- Required work
Everything from the line with "女の子のジーンズの小型のバースデーパーティ招待状 招待状 (裏面)" through the last line of the data below should be copied exactly, apart from the pictures.

[The data Boundary: Start]

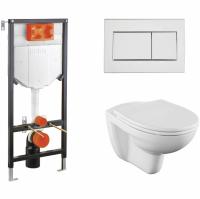 Комплект унитаза с инсталляцией Norm Fit 9773B099-7207 с инсталляцией с сиденьем Микролифт и клавишей смыва Хром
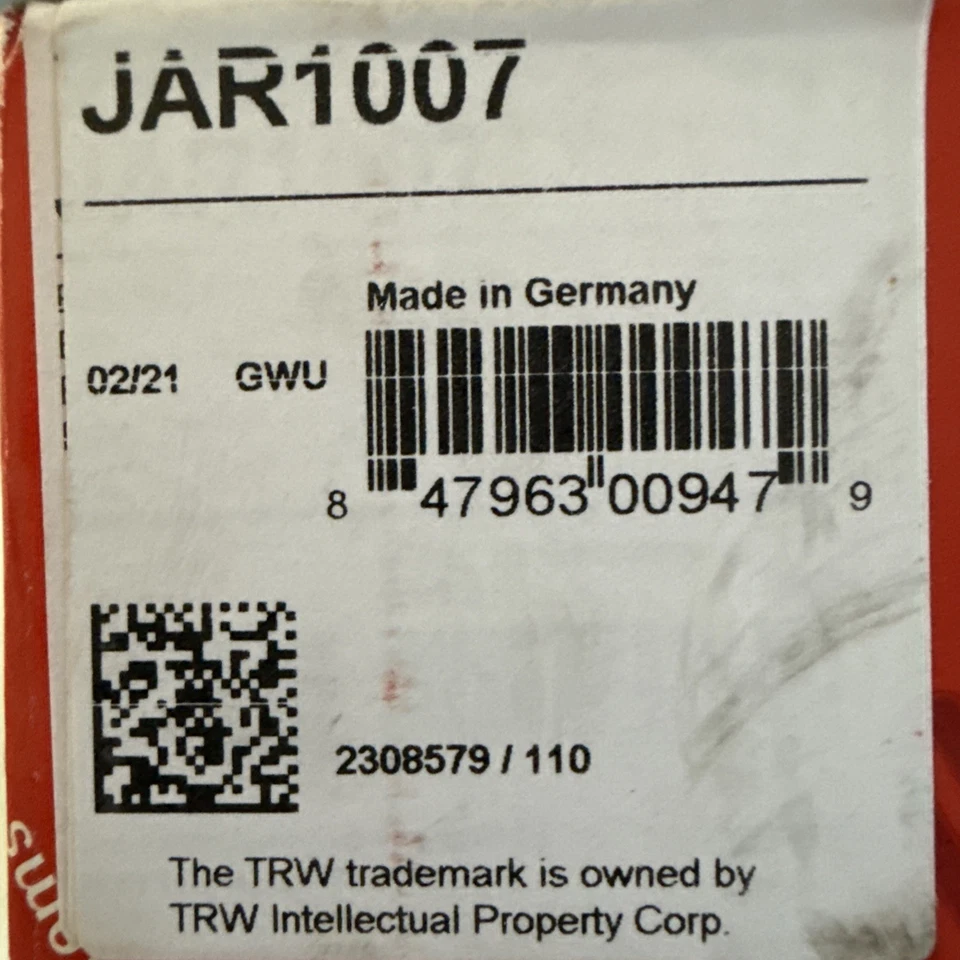 全新 TRW STEERING TIE ROD END JAR1007 适用于 07-12 宝马 329I,335I/06 325I — 第 2/3 张图片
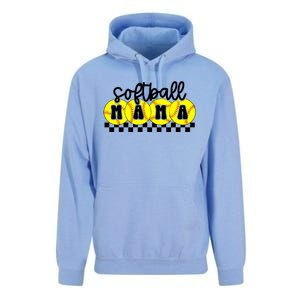 Softball Mama Retro Checkered Mama Unisex Surf Hoodie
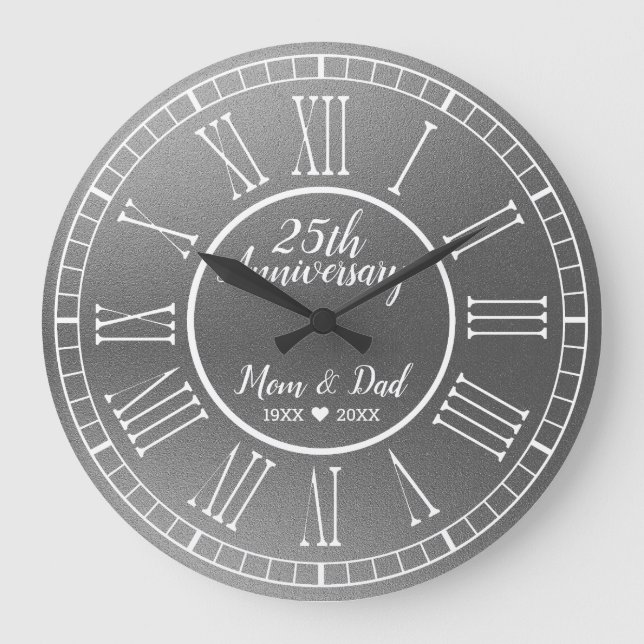 Grande Horloge Ronde Parties scintillant d'argent 25e anniversaire Mari (Recto)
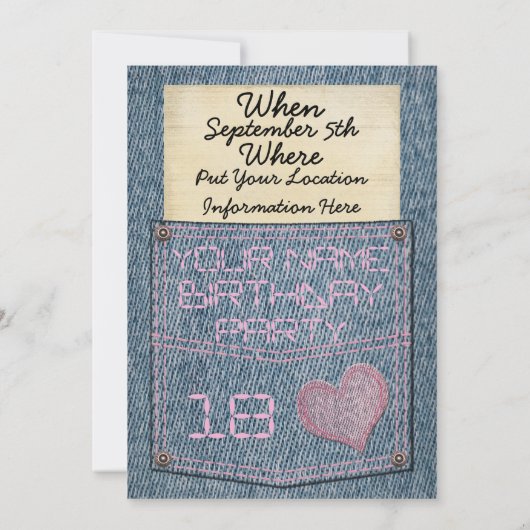 女の子のジーンズの小型のバースデーパーティ招待状 招待状 (裏面)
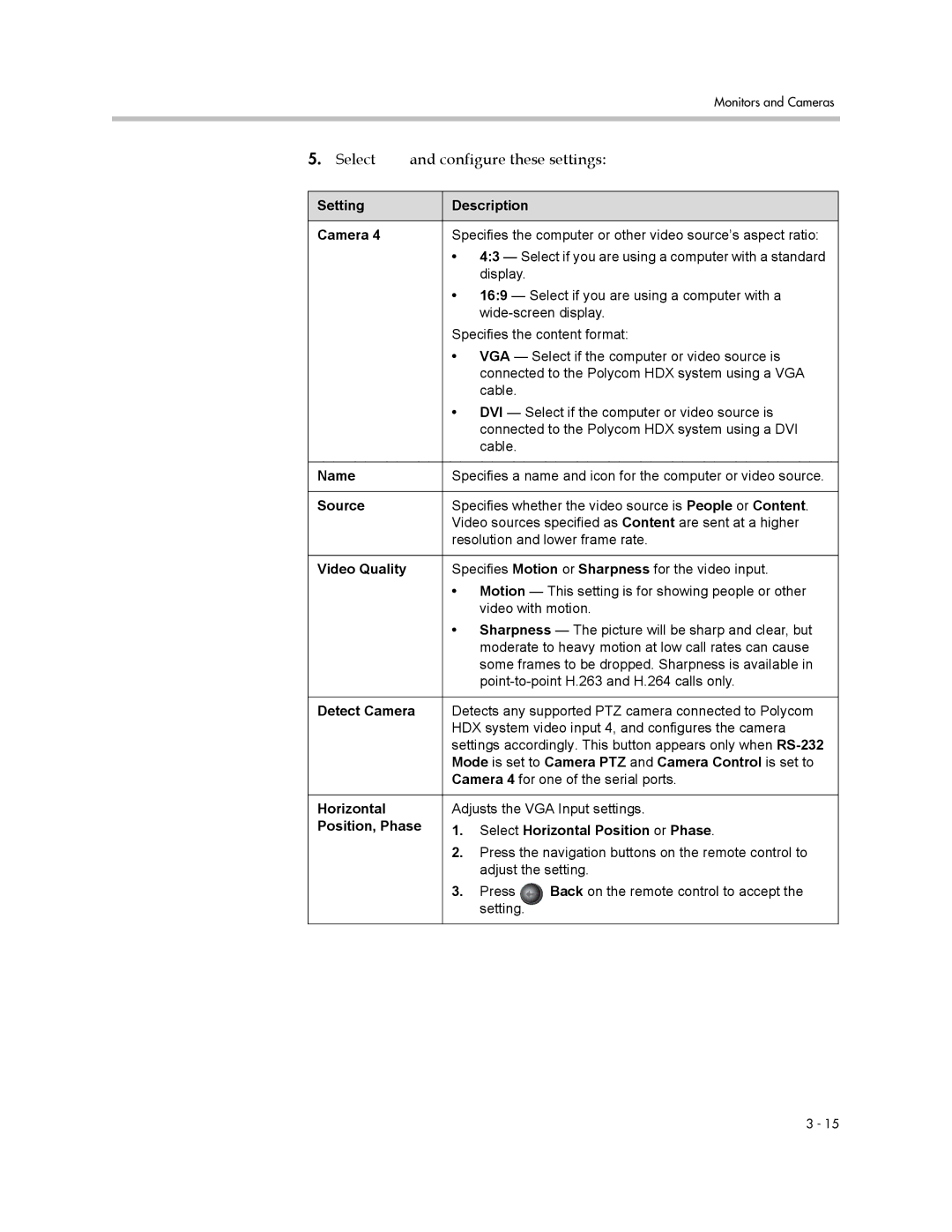 Polycom 1 manual Position, Phase Select Horizontal Position or Phase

[The data Boundary: End]

- Answer to the problem
 女の子のジーンズの小型のバースデーパーティ招待状 招待状 (裏面)
 Polycom 1 manual Position, Phase Select Horizontal Position or Phase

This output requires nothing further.